EREM ŞENTÜRK: AB AKTÖR OLABİLMEK İÇİN HAFTER’İ GECİKTİRDİ

Rusya’da anlaşma imzalamak için giden Hafter’i engelleyenin BAE’den daha çok Fransa’nın olduğunu düşünüyorum. Hafter anlaşmayı imzalayacaktı. İmzalamayacak olsaydı gitmezdi. Ancak AB, yani Afrika’yı arka bahçesi kabul eden AB bu süreçlerin hepsinde oyun dışı kalmış durumdaydı. AB’nin dışarıda kaldığını itiraf edip bu konudaki rahatsızlığı en yüksek seviyeden dile getiren Josep Borrell, AB Dışişleri ve Güvenlik Poltikası Yüksek temsilcisi. Borrell, “Gerçeği konuşalım, sorun, Libya konusunda yeterince birlik içinde hareket edememiş olmamız. Avrupalılar olarak farklı pozisyonlardaydık. Bazılarını üzebilecek olsa da, altı ay öncesine kadar Türkiye ve Rusya Orta Akdeniz’de yoklardı ama şimdi önderliği almış durumdalar. Bu Akdeniz havzasının jeopolitik yapısında büyük bir değişiklik.” dedi.

HAFTER’İ FRANSA DURDURDU

Tam olarak bu itirafta ifade edilen sebeplerden dolayı Fransa acil bir bildiriyle Hafter’i anlaşma imzalamaktan alıkoydu ve Moskova’da masadan kaldırdı. Emperyalist güçler adına petrol çavuşluğu Hafter kendisine verilen emirle Libya’ya geri dönerek AB ülkelerinden dışişleri bakanlarının sembolik ziyaretlerini kabul ederek 19 Ocak tarihinde Berlin’de olacak toplantıyı beklemeye başladı. Merkel’in “Hafter ateşkese uyacak” diye açıklama yapması da bu planın bir parçası. Bütün bu yaşananlar son tahlilde AB’nin aktör olarak işin içine girdiği ve Bingazi bölgesinde olan petrollerden pay istediği bir pazarlık masasının ayak oyunlarından başka bir şey değildi. Şu andan itibaren AB için asıl sorun Putin’in Hafter’e ne yapacağıdır.

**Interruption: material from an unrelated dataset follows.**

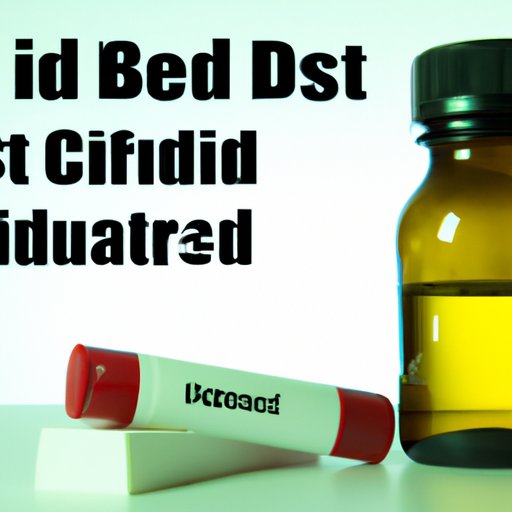 Avoiding Drug Test Disasters: Tips on Using CBD Safely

Yunan ordusu Libya’ya gidebilir!

Bununla birlikte çok çarpıcı bir gelişme daha yaşandı. Yunan Dışişleri Bakanı Nikos Dendias’ın, Hafter ile görüşmesi esnasında “Her türlü desteğe hazırız. Eğer isterseniz askeri yardım da yapabiliriz” diyerek Libya’ya asker göndermeyi teklif ettiği ortaya çıktı. Hafter destek için teşekkür ederken kesin bir cevap vermekten kaçındı. Cumhurbaşkanı Recep Tayyip Erdoğan’ın Ulusal Mutabakat Hükümeti için “Libya’ya asker göndereceğiz” ifadeleri de hesaba katılırsa, TSK ile ile Yunan askerinin Libya’da karşı karşıya gelme riski doğacak. Olası bir çatışmada iki ülkenin birbirine kayıp vermesi durumunda iki ülke arasında suların daha da ısınmasına kesin gözüyle bakılıyor.

BATUHAN GÜLŞAH: YUNANİSTAN DAHA FAZLASINI İSTİYOR

Moskova’da imza koymadığı ateşkesi Berlin’de imzalayacağını açıklayan darbeci Hafter’in Berlin’den önceki durağının, Berlin’e davet edilmeyen Yunanistan olması dikkat çekti. Hafter ile Atina’da alenen görüşülmesi, Avrupa Birliği’nin kendisine verdiği açık desteği Yunan siyasetinin yetersiz görmesinin ürünü. Her ne kadar Berlin’de EastMed projesini meşrulaştırma girişimi ortaya konsa da, Yunanistan daha fazlasını, masada olmayı istiyor. Başbakan Miçotakis’in Türkye-Libya deniz sınırları mutabakatını şart olarak ortaya koyması, Yunanistan’ın EastMed projesi ile Türkiye’ye vurmayı planladığı darbenin, mutabakatın iptaliyle tamamen güvence altına alınma çabası diye yorumlanabilir” ifadelerini kullandı.